Background: The Georgetown University-Albert Einstein College of Medicine breast cancer simulation model (Model GE) has evolved over time in structure and function to reflect advances in knowledge about breast cancer, improvements in early detection and treatment technology, and progress in computing resources. This article describes the model and provides examples of model applications.
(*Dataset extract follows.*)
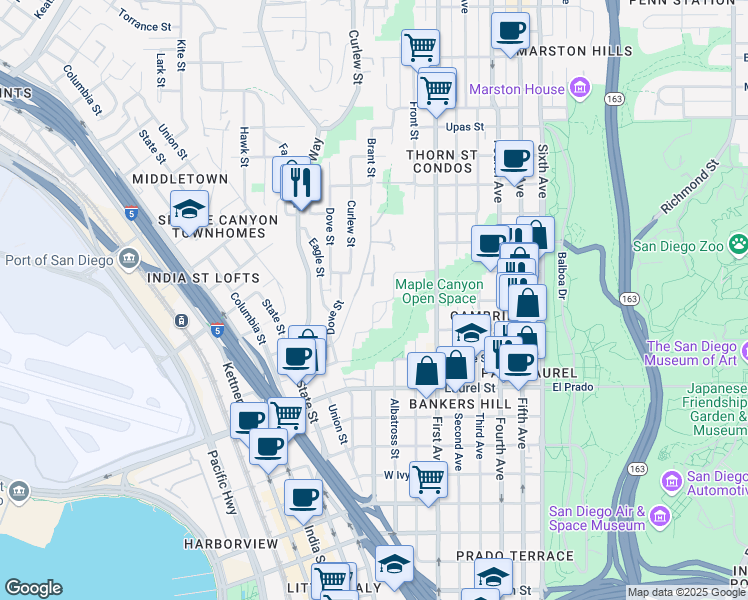 map of restaurants, bars, coffee shops, grocery stores, and more near 2790 Brant Street in San Diego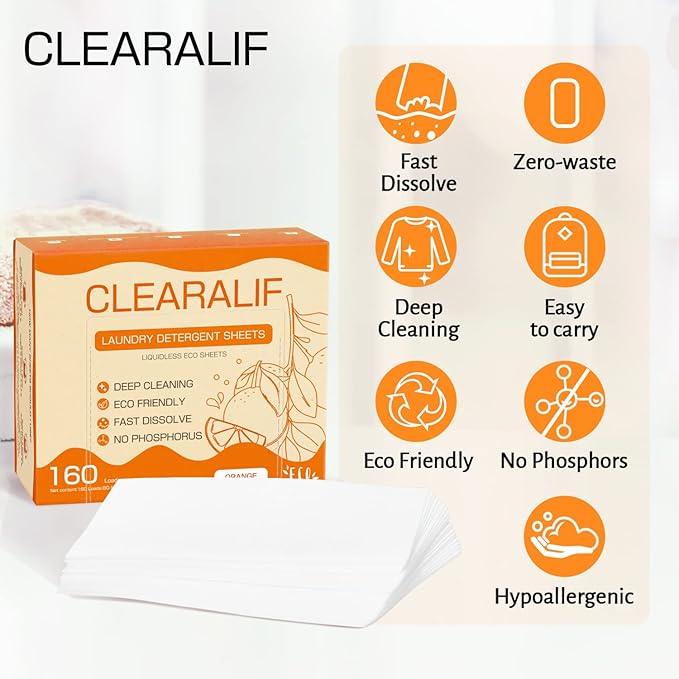 CLEARALIF Laundry Detergent Sheets (320 Loads), Orange,Great For Travel,Apartments, Dorms,CLEARALIF Laundry Detergent Strips Eco Friendly & Hypoallergenic (80 Count, Pack of 2)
Methods: The model is a discrete events microsimulation of single-life histories of women from multiple birth cohorts. Events are simulated in the absence of screening and treatment, and interventions are then applied to assess their impact on population breast cancer trends. The model accommodates differences in natural history associated with estrogen receptor (ER) and human epidermal growth factor receptor 2 (HER2) biomarkers, as well as conventional breast cancer risk factors. The approach for simulating breast cancer natural history is phenomenological, relying on dates, stage, and age of clinical and screen detection for a tumor molecular subtype without explicitly modeling tumor growth. The inputs to the model are regularly updated to reflect current practice. Numerous technical modifications, including the use of object-oriented programming (C++), and more efficient algorithms, along with hardware advances, have increased program efficiency permitting simulations of large samples.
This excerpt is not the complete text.